Il le dit comme on dit :
« Il est dix-sept heures. »
Un fait.
Une habitude.
Gérard posa ses mains sur ses genoux.
TIENS BON.
Les lettres étaient là.
— Je sais ce que ça fait.
Mathis tourna brusquement la tête.
— Non.
Gérard ne se vexa pas.
— Si.
— T’en sais rien.
— Onze fois.
Mathis fronça les sourcils.
— Quoi ?
— Onze placements.
Le silence changea.
Gérard regardait droit devant lui.
— J’ai été placé petit. J’ai changé onze fois de maison avant mes dix-huit ans.
Mathis ne disait plus rien.
Gérard continua.
— Des foyers. Des familles. Des chambres où j’avais pas le droit de mettre des posters parce que « c’était peut-être provisoire ». Des repas où je savais jamais si je pouvais me resservir.
Sa voix restait calme.
— À dix-huit ans, je suis parti avec deux sacs-poubelle remplis de vêtements, trois papiers administratifs et le numéro d’un éducateur qui a changé de service quinze jours après.
Il sourit sans joie.
— Personne ne savait comment j’aimais mon café. Personne ne savait que je déteste les endives. Personne n’aurait remarqué si je disparaissais pendant quinze jours.
Mathis le fixait.
Vraiment.
Pas ses tatouages.
Pas sa barbe.
Ses yeux.
— Et après ? demanda-t-il.
— Après, j’ai fait des conneries.
Il soupira.
— Pas les trucs dont on se vante. Juste assez pour comprendre que si je continuais, j’allais perdre ma vie à force de croire que personne ne la remarquerait.
Il marqua une pause.
— Puis j’ai rencontré des gars dans un atelier de motos.
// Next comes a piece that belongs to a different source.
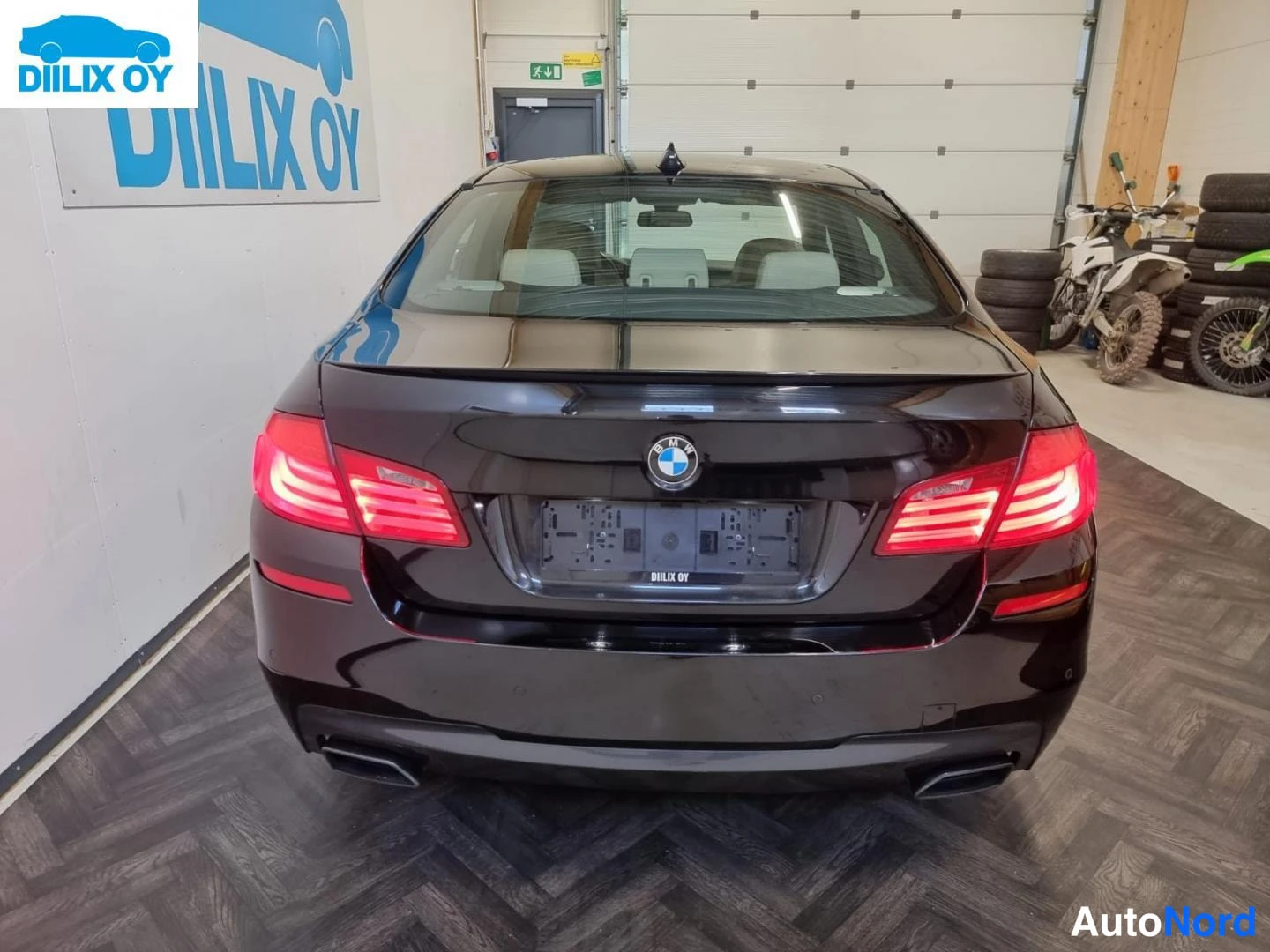 Takaa: Mustan BMW-sedan suora takanäkymä: punaiset takavalot, tavaratilan kannen BMW-merkki ja kaksi pakoputkea näkyvät.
Ce n’était pas un grand club connu.
Pas une organisation importante.
Simplement une bande d’amis qui se retrouvaient dans un vieux garage à la sortie de la ville.
Des mécaniciens.
Un plombier.
Deux retraités.
Un ancien chauffeur routier.
Un professeur de technologie.
Des hommes qui avaient parfois davantage de cicatrices que de diplômes, mais qui avaient une règle.
Celui qui vient donner un coup de main est accueilli.
Celui qui apprend transmet à son tour.
Et quand quelqu’un traverse une mauvaise passe, on ne lui demande pas d’abord s’il l’a mérité.
On commence par mettre la cafetière en route.
— Ils m’ont appris le métier, dit Gérard. Et surtout, ils ont arrêté de me demander quand j’allais partir.